French dominance shines through in the Amlin Challenge Cup semi-finals
All four French sides progressed to the Amlin Challenge Cup semi-finals after defeating Anglo-Welsh opposition over the last weekend, the most resounding result coming at the Stade Mayol where Toulon hammered Premiership leaders Harlequins by 37-8, with Jonny Wilkinson kicking 17 points before going off due to injury and a try for Man of the Match Steffon Armitage.

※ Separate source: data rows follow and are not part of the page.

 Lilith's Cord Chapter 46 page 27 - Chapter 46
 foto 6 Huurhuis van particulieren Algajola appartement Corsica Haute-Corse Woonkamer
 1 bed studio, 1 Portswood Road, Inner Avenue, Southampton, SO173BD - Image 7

The slip in the tunnel from Quins captain George Robson was a sign of things to come for the visitors, whose attentions now firmly lie on the Premiership title.

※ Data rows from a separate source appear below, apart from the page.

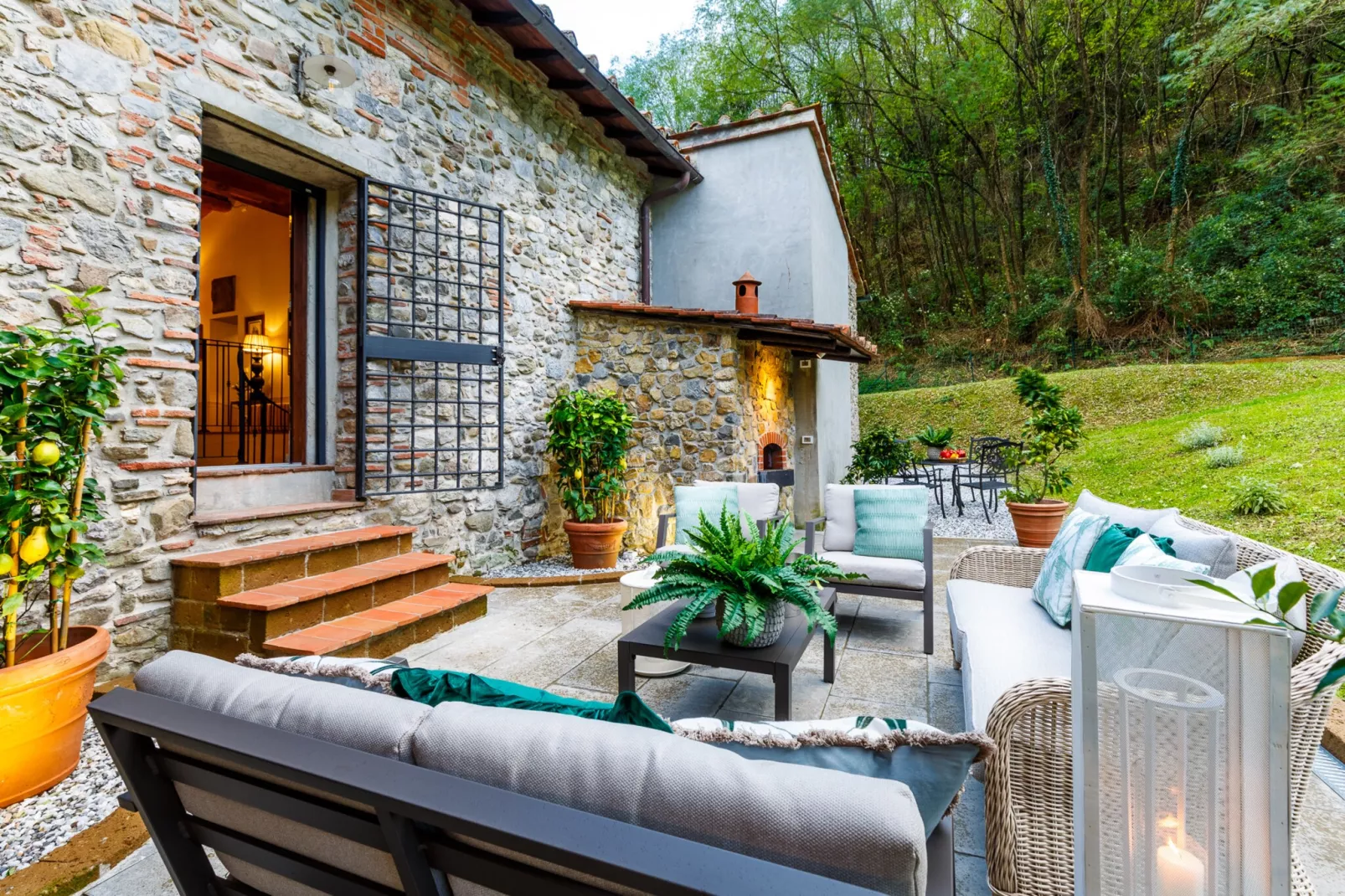 Tuscan Mill Farmhouse-Untagged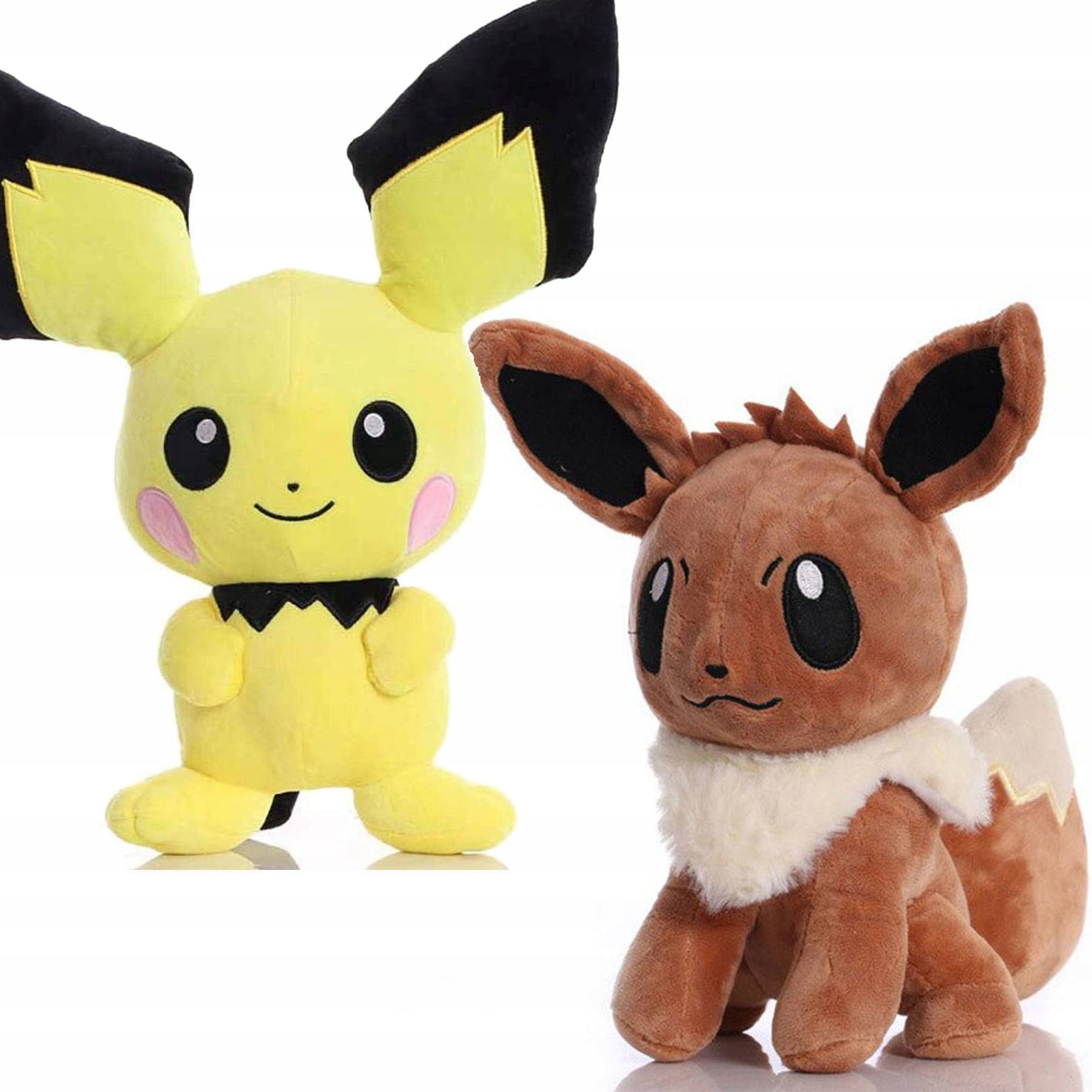 Rozprávkový plyšák - SADA MASKOTA POKEMON GO 2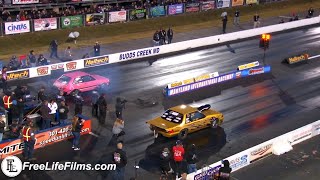 1/4 Mile World Cup Finals - Import vs Domestic - Eliminations Round 2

Exeter put in a brave performance on Thursday night in Paris against Stade Français, the returning Sireli Naqelevuki scoring a superb try late on before Paul Williams snatched victory for the hosts with a try of his own in the 79th minute. Wasps also came close to beating French opposition in their home defeat to Biarritz, where despite coming back with two tries in three minutes from Christian Wade and Ryan Davis they fell short to a Dimitri Yachvili penalty in the 75th minute. The final match saw Riaan Swanepoel kick give penalties in Brive’s 15-11 victory over the Scarlets.

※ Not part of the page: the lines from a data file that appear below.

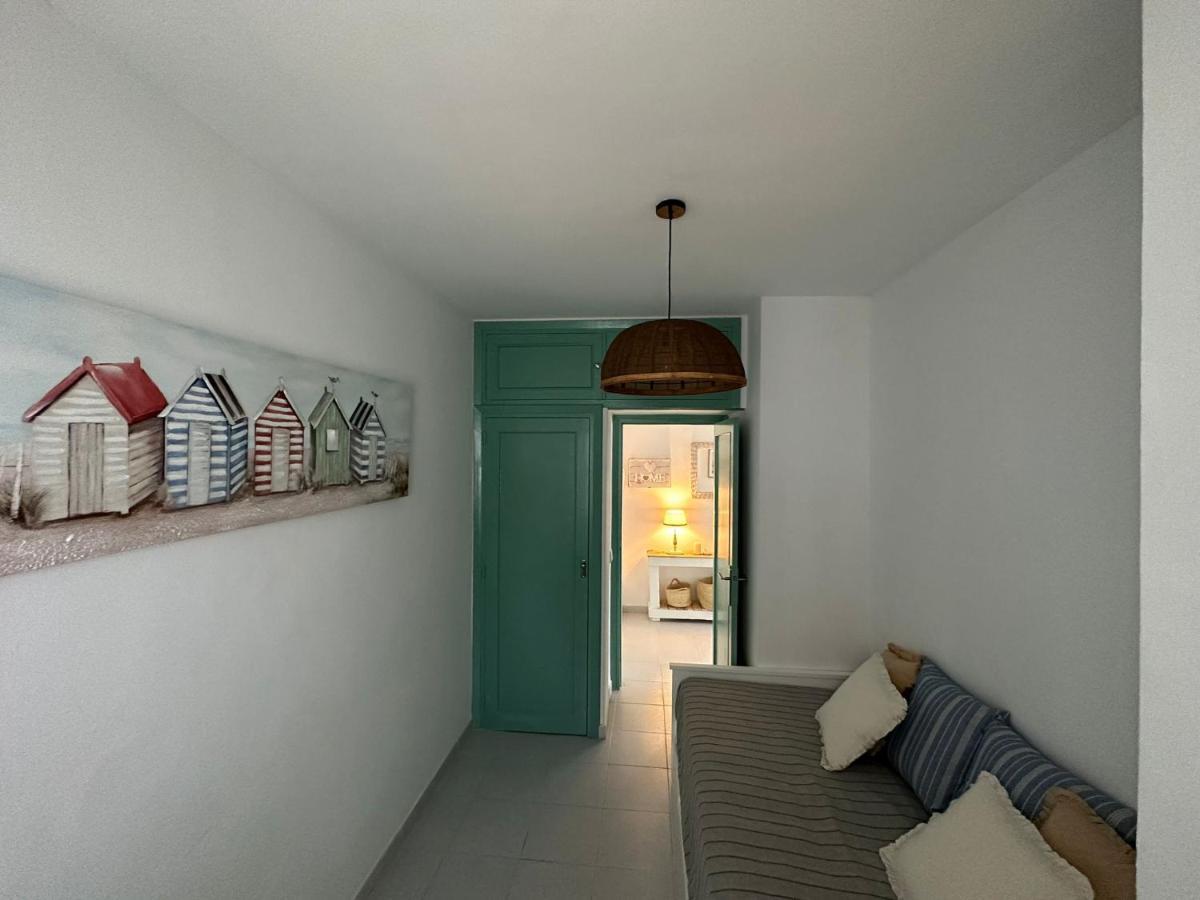 Aquamarine Sant Feliu En La Playa Con Patio Apartment Sant Feliu de Guíxols Luaran gambar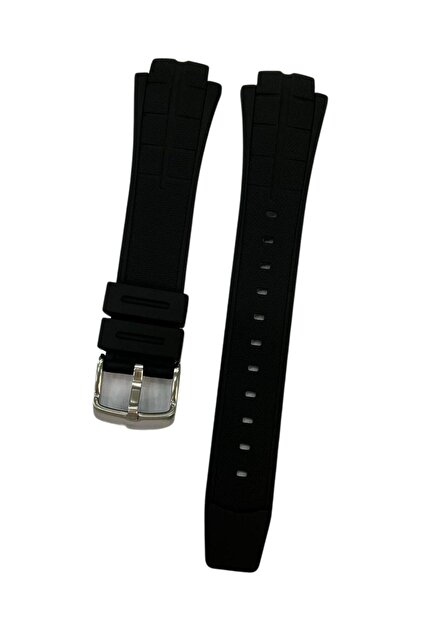 まお Casio MTD-1057 MDV-501 Siyah Renk Orijinal Saat Kordonu - Fiyatı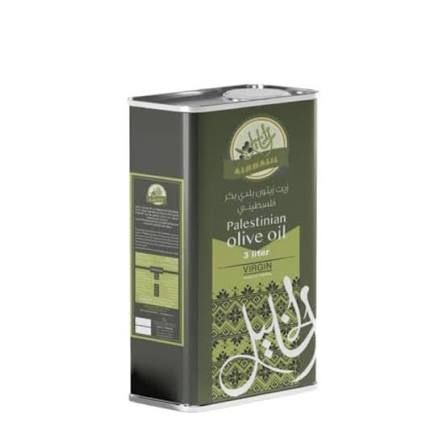 ALKHALIL OLIVE OIL 3LITER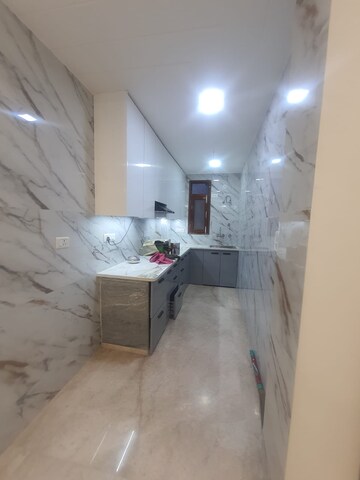 Bathroom in 3 BHK Apartment at Niti Khand I – for Rent
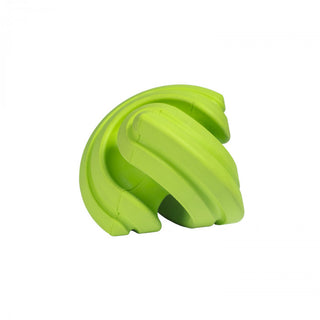 Chewtastic Geometrics Geo-Gem Gentle Natural Rubber Interactive Dog Toys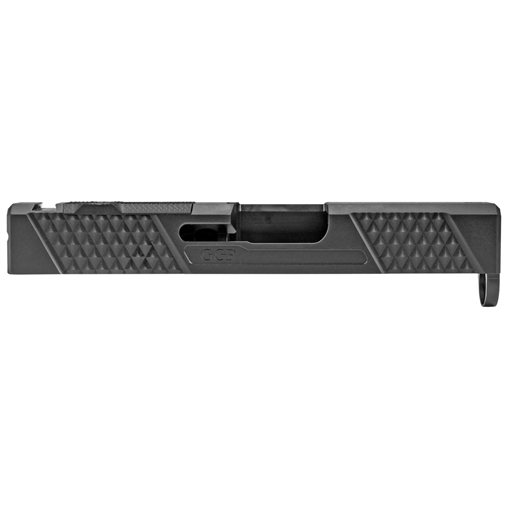 Picture of GREY GHOST G43 SLIDE W/RMS-C CUT V2-BLACK GGPSPG43V2BLK GGP-SPG43-V2-BLK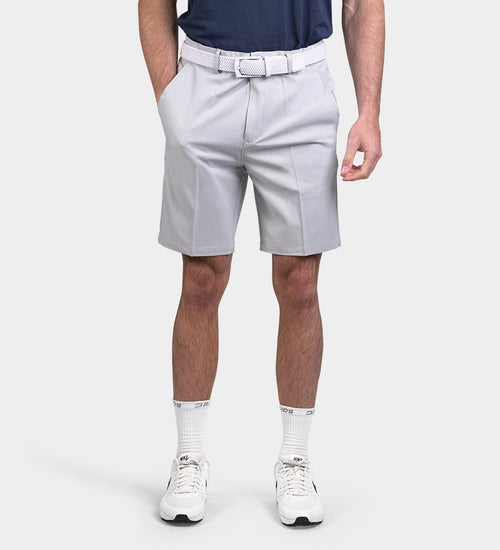 CLIMA GOLF SHORTS - GREY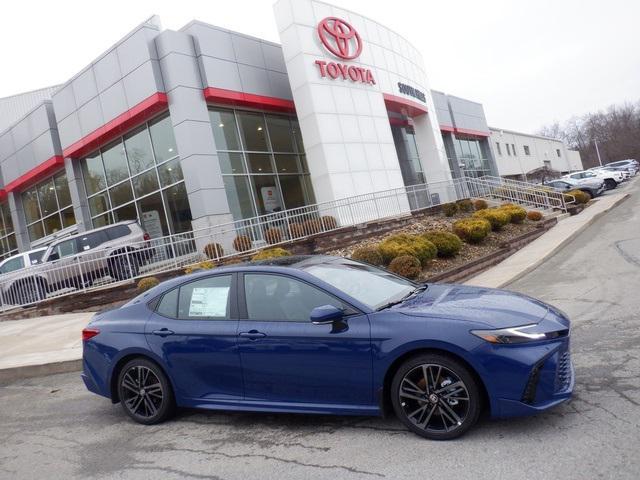 new 2025 Toyota Camry car, priced at $39,906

Stormers stay unbeaten as the Blues continue to struggle
Despite playing their first match outside of South Africa in 2012, the Stormers kept their winning run going against the Highlanders in Dunedin thanks to an outstanding try from Joe Pietersen, whose boot also racked up the majority of their points. It means that the Highlanders drop down the 5th on the log, with the Chiefs replacing them in second spot following their win over the Western Force in Perth.
Down the bottom the Blues miserable run continued with a 34-23 loss against the Rebels in Melbourne, James O’Connor starring for the home side in their second win of the season. The Lions continued to struggle also after being hammered by local rivals the Cheetahs, Robert Ebersohn grabbing two tries. The Reds finally ended their losing streak with victory over the Brumbies in Brisbane, whilst the Hurricanes ran in six tries against the Sharks. The Bulls picked up the final win of the weekend at home to the Crusaders, winning 32-30.
Try of the Weekend goes to Brian O’Driscoll of Leinster. A fantastic set-piece move saw Johnny Sexton blindly flick the ball inside to Luke Fitzgerald, who drew in Leigh Halfpenny before feeding O’Driscoll to score under the posts. Perfection.
This weekend’s Hero could have been Ruan Pienaar of Greig Laidlaw, but Stephen Ferris was phenomenal for Ulster against Munster.
No obvious candidates for a Villain this week, but Cardiff’s defence was so leaky in the first half that they gave themselves no chance in Dublin.